### Task goal
For this exercise, return only the lines in the records below from the one holding "Tiny photo for" through the one holding "Used 2025 Honda CR-V Sport-L image 18", including both, exactly as they appear and without pictures.

### Listed records
▽
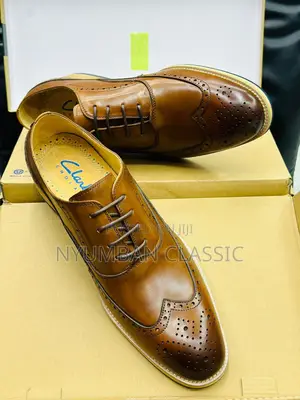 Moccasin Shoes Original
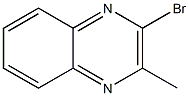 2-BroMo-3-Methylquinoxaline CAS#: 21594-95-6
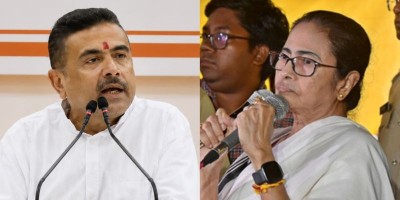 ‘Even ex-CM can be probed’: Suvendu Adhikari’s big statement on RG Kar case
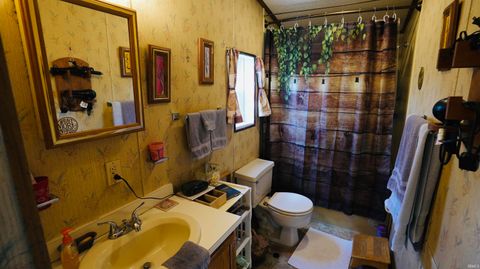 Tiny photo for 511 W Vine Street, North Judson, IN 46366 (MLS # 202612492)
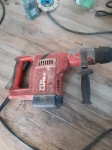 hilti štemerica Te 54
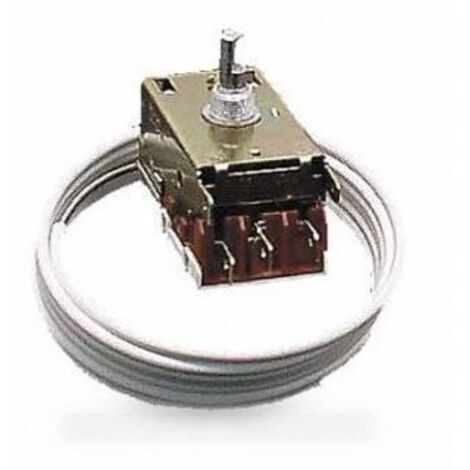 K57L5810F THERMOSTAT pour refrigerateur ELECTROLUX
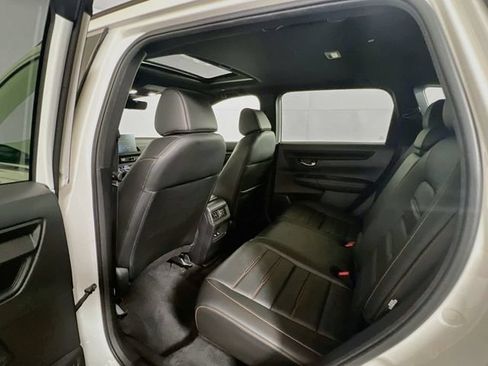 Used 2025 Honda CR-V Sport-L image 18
△
▽
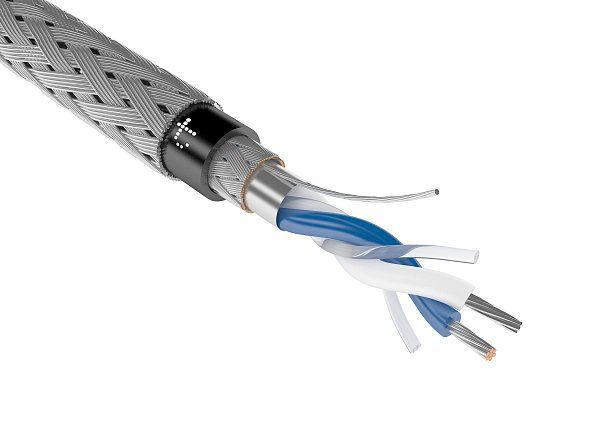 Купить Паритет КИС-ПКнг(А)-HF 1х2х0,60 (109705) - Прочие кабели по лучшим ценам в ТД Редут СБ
△
### Answer for the task
 Tiny photo for 511 W Vine Street, North Judson, IN 46366 (MLS # 202612492)
 hilti štemerica Te 54
 K57L5810F THERMOSTAT pour refrigerateur ELECTROLUX
 Used 2025 Honda CR-V Sport-L image 18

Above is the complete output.